O Banco de Portugal (BdP) recomendou que o próximo presidente executivo da Caixa Económica Montepio Geral (banco Montepio) se faça acompanhar de gestores independentes da actual administração liderada por Tomás Correia. Um sinal de preocupação quanto ao futuro, depois de esgotado o modelo de negócio seguido pelo banco da Associação Mutualista, com fortes conexões ao pólo de interesses que se estabeleceu em torno do grupo liderado por Ricardo Salgado.

Na calha para presidir ao banco Montepio está o ex-ministro das Finanças socialista e ex-presidente da Comissão do Mercado de Valores, Fernando Teixeira dos Santos, que gera consensos internos, numa instituição cuja gestão tem sido alvo de contestação por parte de associados. O PÚBLICO apurou, em todo o caso, que ao BdP ainda não chegou uma proposta formal com o nome do substituto de Tomás Correia, cujo mandato termina em Dezembro. O actual presidente executivo do banco Montepio já considerou o economista com “perfil e conhecimentos financeiros” para desempenhar o cargo.

No processo de mudança da gestão, a autoridade liderada por Carlos Costa deixou avisos que não podem ser desvalorizados: o próximo líder do banco Montepio deve fazer-se acompanhar de um administrador financeiro, mas também de alguém com competências no retalho – as duas áreas mais sensíveis de uma instituição bancária. Uma orientação que é um indício de que o regulador nos bastidores está a forçar mudanças no topo e a tentar acelerar uma maior autonomia do banco face à casa-mãe, a Associação Mutualista (AM), onde Tomás Correia se pretende manter.  
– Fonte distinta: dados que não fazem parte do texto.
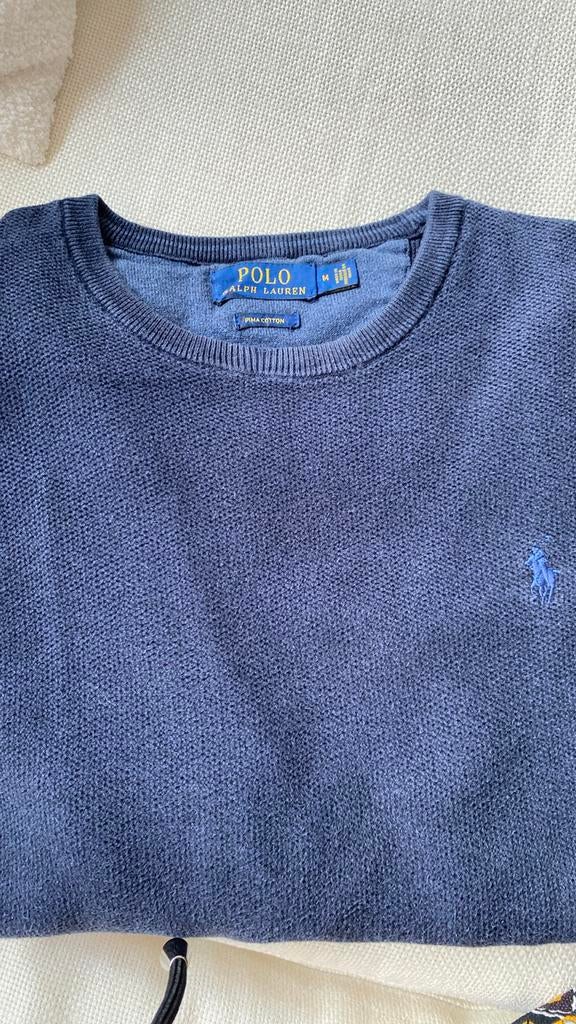 Ralph Lauren pull katoen maat m blauw, Ophalen of Verzenden, Zo goed als nieuw, Maat 48/50 (M), Blauw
Nos últimos anos a supervisão bancária tem vindo crescentemente a tomar consciência da natureza do modelo de negócio desenvolvido no grupo mutualista com múltiplos pontos de contacto com o que foi adoptado por Ricardo Salgado. Por um lado, regista-se uma concentração do poder em Tomás Correia, que preside à AM, ao banco Montepio e ao Montepio Investimento; é da tradição do banco apoiar o crédito ao sector imobiliário/habitação, cuja carteira totaliza 7560 milhões (grau de incumprimento de 4,8%) e à construção, com uma carteira de 2678 milhões (grau de incumprimento de 41,7%); e o Montepio angaria junto dos seus clientes novos associados para a Associação Mutualista Geral que conta com 650 mil participantes, cuja quotização anual é de quase 11 milhões de euros (Salgado atraia clientes para serem accionistas das holdings cabeça de grupo). Por outro lado, verifica-se grande dependência do banco em relação à AM (no caso de Salgado, era o contrário, o BES é que estava exposto ao GES).

A fonte de preocupações
A gestão de relações entre as partes tem sido, precisamente, fonte de preocupação para as autoridades. Os números não deixam dúvidas: em 2014, os activos da AM totalizavam 4700 milhões de euros e 78% estavam aplicados em benefício do Montepio (88% incluindo os imóveis afectos a uso do banco).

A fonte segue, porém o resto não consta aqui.